US star David Cassidy’s announcement he is suffering from dementia comes as experts predict the condition will take its toll on more people in future.
There are around 850,000 people in the UK with dementia, according to the Alzheimer’s Society, and numbers are expected to rise to more than one million by 2025, as people live longer.
While it mainly strikes in those over 65, there are more than 42,000 people in the UK under that age with dementia.
Symptoms, which get worse over time, include memory loss and difficulties with thinking, problem-solving or language.

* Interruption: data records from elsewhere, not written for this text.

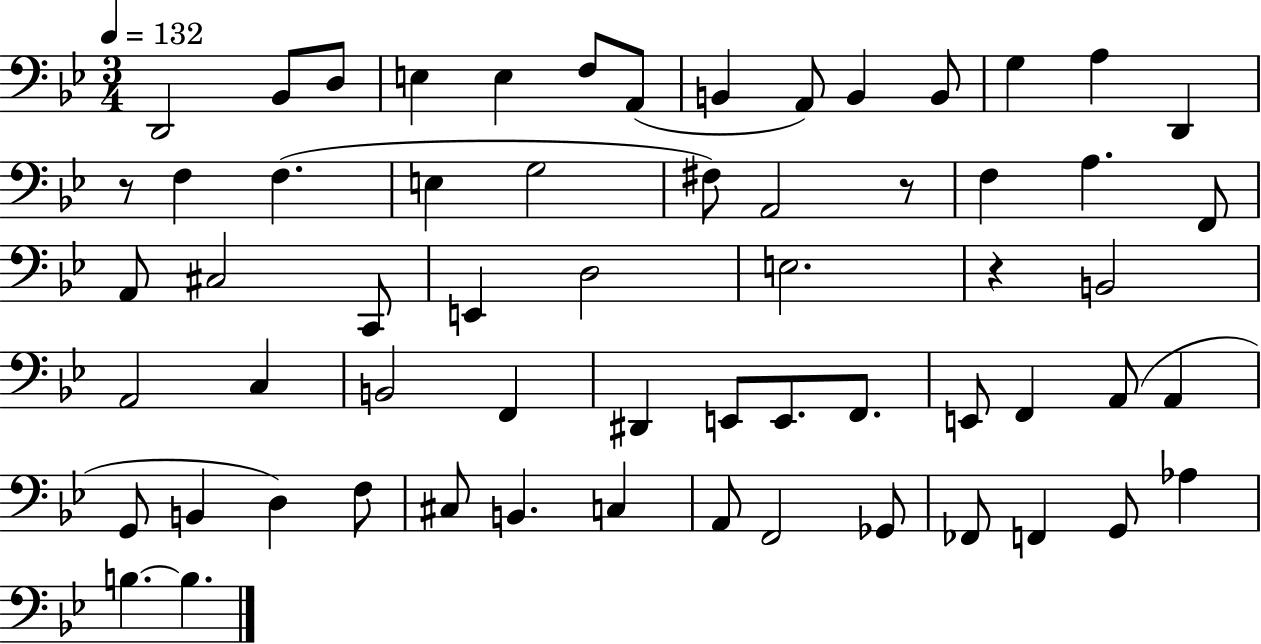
X:1
T:Untitled
M:3/4
L:1/4
K:Bb
D,,2 _B,,/2 D,/2 E, E, F,/2 A,,/2 B,, A,,/2 B,, B,,/2 G, A, D,, z/2 F, F, E, G,2 ^F,/2 A,,2 z/2 F, A, F,,/2 A,,/2 ^C,2 C,,/2 E,, D,2 E,2 z B,,2 A,,2 C, B,,2 F,, ^D,, E,,/2 E,,/2 F,,/2 E,,/2 F,, A,,/2 A,, G,,/2 B,, D, F,/2 ^C,/2 B,, C, A,,/2 F,,2 _G,,/2 _F,,/2 F,, G,,/2 _A, B, B,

Scientists are investigating how dementia might run in the family and how a combination of genes can increase or decrease the risk.
The vast majority of causes of dementia cannot be cured but there is evidence that a healthy lifestyle can help reduce the risk in middle aged or older people.
Alzheimer’s is the most common cause of dementia.
Last year it was announced Monty Python star Terry Jones had been diagnosed with primary progressive aphasia, a form of dementia.
He recently revealed he can no longer write.
Other famous sufferers of dementia include the late Baroness Thatcher and Ronald Reagan.
Best-selling author Terry Pratchett died aged 66 in 2015, after a public struggle with Alzheimer’s.
Fawlty Towers star Prunella Scales has also been suffering from dementia.
In 2015, Robin Williams’s widow said a coroner’s report into the star’s death found signs of Lewy body dementia, a difficult-to-diagnose condition which leads to a decline in thinking and reasoning abilities.